REPUBLIKA.CO.ID, Oleh: Denny Kodrat, Pengamat Pendidikan
Jagat pendidikan Indonesia berguncang gara-gara 11 profesor dari salah satu universitas melakukan rekayasa dalam pengajuannya. Ujungnya, Kementerian Pendidikan, Kebudayaan, Riset dan Teknologi menjatuhkan sanksi dengan menurunkan level akreditasi perguruan tinggi tersebut.

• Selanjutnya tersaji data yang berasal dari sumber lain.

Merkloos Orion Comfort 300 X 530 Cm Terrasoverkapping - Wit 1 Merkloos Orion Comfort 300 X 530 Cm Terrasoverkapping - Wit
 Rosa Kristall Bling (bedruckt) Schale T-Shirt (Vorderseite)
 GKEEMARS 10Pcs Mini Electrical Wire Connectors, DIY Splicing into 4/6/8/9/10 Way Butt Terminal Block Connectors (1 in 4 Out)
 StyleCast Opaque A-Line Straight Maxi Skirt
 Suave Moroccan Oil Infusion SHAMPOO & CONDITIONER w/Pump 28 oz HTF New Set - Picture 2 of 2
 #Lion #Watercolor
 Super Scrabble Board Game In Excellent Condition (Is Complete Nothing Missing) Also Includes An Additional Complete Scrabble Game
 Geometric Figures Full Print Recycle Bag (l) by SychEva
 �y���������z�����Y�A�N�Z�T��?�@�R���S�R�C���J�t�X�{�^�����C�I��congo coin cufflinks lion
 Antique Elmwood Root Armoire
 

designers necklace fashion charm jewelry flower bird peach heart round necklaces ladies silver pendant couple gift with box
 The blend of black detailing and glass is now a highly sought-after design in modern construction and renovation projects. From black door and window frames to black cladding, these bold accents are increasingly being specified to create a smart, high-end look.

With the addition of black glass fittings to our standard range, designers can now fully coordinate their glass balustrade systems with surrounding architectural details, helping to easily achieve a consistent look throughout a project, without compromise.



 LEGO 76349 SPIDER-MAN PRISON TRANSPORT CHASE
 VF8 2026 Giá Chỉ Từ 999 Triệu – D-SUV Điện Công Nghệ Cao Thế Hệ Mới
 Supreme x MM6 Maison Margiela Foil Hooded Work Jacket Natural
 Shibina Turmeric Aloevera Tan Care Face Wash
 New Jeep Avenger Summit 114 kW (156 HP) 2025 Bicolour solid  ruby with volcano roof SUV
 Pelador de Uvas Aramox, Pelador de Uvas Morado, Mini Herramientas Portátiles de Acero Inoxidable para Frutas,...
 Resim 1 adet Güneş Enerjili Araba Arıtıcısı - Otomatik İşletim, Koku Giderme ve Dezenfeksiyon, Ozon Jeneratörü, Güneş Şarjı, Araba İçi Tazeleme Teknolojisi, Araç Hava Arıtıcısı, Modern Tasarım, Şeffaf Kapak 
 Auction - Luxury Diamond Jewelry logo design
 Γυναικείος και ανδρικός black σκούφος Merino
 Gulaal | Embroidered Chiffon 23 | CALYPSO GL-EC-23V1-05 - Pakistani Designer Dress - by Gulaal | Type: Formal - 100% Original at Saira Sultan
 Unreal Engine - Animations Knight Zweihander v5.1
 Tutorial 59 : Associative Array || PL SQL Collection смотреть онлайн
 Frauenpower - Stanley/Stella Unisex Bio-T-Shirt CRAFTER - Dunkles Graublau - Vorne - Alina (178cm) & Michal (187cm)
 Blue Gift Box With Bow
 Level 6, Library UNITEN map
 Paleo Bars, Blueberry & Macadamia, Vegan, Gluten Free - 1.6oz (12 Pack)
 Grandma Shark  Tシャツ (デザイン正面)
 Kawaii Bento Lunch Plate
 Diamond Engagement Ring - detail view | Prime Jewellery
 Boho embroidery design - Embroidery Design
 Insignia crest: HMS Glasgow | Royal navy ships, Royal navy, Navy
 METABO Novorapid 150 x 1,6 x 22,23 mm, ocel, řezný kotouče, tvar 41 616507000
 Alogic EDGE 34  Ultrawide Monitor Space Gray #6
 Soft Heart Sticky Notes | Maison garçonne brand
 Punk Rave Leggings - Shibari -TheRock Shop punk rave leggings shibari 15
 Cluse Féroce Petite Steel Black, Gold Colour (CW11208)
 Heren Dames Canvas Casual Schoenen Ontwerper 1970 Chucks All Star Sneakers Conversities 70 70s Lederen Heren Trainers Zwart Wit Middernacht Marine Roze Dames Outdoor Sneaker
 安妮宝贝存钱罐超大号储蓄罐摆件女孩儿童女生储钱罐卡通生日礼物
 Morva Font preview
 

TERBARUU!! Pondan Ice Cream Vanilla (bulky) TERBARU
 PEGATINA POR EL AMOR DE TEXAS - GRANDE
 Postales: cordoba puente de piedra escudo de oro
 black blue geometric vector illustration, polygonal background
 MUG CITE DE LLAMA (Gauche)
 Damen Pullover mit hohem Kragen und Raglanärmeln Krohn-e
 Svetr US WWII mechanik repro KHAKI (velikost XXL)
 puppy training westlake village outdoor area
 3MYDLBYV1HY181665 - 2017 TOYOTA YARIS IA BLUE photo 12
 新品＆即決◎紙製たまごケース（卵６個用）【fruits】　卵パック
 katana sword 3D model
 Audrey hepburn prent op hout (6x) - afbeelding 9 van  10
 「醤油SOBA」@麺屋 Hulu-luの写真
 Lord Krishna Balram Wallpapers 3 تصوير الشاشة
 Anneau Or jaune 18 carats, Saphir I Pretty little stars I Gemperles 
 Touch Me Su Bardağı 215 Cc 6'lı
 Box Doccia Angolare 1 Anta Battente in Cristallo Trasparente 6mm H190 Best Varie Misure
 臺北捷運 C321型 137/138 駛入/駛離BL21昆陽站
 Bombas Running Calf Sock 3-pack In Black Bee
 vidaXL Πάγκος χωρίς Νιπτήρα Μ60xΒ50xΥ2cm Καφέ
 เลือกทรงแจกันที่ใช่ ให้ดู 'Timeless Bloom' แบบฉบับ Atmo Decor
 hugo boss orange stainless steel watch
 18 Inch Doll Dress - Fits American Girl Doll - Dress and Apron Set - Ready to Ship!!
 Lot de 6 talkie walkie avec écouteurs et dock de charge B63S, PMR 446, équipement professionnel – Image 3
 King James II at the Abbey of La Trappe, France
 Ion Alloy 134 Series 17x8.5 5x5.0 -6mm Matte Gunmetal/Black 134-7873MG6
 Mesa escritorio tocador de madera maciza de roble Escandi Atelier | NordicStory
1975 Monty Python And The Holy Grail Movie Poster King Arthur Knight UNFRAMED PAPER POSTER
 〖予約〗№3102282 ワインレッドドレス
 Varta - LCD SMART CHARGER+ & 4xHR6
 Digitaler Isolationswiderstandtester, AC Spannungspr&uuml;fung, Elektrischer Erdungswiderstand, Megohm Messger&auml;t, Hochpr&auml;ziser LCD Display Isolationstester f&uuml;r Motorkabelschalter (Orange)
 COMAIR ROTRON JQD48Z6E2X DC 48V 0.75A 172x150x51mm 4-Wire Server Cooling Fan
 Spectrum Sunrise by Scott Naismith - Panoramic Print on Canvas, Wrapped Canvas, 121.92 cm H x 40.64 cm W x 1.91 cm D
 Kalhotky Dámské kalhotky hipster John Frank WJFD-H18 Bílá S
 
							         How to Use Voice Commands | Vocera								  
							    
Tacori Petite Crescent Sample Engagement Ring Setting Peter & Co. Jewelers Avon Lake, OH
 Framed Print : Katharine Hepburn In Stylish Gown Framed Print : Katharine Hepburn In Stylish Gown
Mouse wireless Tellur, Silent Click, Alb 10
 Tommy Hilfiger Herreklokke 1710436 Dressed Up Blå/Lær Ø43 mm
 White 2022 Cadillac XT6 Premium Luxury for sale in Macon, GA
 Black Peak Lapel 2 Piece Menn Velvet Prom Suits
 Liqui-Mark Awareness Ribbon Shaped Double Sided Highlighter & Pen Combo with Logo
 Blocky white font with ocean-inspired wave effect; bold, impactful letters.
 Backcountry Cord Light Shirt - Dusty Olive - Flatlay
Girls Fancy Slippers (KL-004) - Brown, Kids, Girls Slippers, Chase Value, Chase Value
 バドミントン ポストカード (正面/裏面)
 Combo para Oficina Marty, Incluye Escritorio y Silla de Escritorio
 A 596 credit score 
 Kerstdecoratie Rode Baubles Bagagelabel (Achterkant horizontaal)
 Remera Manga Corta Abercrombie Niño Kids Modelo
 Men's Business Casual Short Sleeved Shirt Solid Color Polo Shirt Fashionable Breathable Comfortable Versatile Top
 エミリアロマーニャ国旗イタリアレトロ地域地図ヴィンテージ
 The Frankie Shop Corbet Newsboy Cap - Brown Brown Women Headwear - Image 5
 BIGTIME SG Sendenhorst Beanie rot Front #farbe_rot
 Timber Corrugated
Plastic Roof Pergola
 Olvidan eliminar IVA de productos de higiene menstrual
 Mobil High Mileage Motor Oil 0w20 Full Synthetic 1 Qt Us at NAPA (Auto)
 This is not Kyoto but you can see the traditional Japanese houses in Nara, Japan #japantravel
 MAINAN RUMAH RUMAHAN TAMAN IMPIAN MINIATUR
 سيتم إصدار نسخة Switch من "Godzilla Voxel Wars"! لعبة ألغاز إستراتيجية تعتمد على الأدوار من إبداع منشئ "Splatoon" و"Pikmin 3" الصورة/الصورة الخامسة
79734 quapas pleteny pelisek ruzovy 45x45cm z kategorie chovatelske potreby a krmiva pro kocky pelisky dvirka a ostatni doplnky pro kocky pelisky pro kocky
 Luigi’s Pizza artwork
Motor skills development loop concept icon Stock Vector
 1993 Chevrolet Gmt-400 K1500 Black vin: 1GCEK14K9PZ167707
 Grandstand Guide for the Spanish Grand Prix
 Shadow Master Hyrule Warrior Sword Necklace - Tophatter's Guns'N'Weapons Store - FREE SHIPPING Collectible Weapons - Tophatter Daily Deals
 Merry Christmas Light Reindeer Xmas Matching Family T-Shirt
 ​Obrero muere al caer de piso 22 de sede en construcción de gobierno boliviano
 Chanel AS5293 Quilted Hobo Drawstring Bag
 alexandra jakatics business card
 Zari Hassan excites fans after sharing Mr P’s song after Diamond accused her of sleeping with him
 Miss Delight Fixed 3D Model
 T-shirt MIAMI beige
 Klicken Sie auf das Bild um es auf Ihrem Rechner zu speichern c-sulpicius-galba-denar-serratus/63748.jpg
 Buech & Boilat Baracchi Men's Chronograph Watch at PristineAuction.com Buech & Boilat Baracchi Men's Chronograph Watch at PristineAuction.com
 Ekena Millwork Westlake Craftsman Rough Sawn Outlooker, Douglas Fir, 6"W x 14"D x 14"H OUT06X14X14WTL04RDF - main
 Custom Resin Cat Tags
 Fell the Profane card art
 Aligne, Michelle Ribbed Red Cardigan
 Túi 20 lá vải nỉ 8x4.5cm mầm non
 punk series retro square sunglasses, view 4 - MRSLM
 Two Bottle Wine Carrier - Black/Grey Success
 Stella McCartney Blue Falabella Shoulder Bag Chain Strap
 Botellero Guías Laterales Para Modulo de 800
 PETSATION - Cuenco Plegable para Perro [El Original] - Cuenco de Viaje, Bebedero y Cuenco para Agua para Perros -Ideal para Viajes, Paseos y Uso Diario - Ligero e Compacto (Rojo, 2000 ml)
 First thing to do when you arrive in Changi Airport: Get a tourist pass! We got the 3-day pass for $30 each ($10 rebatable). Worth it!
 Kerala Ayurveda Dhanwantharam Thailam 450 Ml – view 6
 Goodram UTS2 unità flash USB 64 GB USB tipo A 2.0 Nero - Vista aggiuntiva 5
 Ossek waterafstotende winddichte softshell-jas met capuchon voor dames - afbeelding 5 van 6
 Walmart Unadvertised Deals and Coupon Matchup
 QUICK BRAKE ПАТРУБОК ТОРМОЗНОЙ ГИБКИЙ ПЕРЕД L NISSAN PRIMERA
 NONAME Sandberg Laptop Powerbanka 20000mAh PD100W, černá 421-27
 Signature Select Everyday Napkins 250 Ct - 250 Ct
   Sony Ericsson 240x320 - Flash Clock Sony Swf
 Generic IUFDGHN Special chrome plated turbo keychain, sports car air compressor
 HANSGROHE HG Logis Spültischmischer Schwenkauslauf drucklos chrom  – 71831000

Sebelumnya, masih tentang profesor, publik pun disuguhkan dengan perdebatan politisi menjadi profesor. Sontak saja, terjadi eskalasi diskursus mengenai profesor ini, hingga di penghujung masa jabatannya, Mas Menteri mengeluarkan Peraturan Menteri Pendidikan, Kebudayaan, Riset dan Teknologi nomor 44 Tahun 2024 tentang Profesi, Karier dan Penghasilan. Salah satu poin pada peraturan itu mengenai jabatan akademik profesor (guru besar). Selain ia dapat dicapai melalui proses normal dan “jalur” honoris causa, ia hanya melekat saat yang bersangkutan berkontribusi dalam tridharma pendidikan (pasal 44).
Perbincangan yang ingin difokuskan pada diskursus ini bagaimana agar jabatan akademik profesor ini tidak diberhalakan, tetapi benar-benar merupakan penciri integritas akademis, tidak masuk pada pusaran kepentingan politik. Sehingga, diharapkan seorang dengan jabatan akademik profesor ini memiliki dampak kepada publik.
Jabatan Fungsional Dosen
Pola pikir bahwa titel akademik, diyakini dapat menambah hebat bungkus, itu yang terjadi kini. Setiap orang berupaya menjadi profesor mengabaikan aspek kelayakan, agar tervalidasi ilmuwan, intelektual dan memiliki pengaruh dari titelnya tersebut.
Sementara itu, masyarakat kita dengan struktur feodal yang terbentuk secara panjang, mendukung keberadaan anggapan tersebut. Profesor oleh masyarakat dianggap dewa dan bahkan menjadi “berhala” yang setiap kata yang terucap berubah menjadi fatwa, selalu benar dan ditaati sepenuh jiwa.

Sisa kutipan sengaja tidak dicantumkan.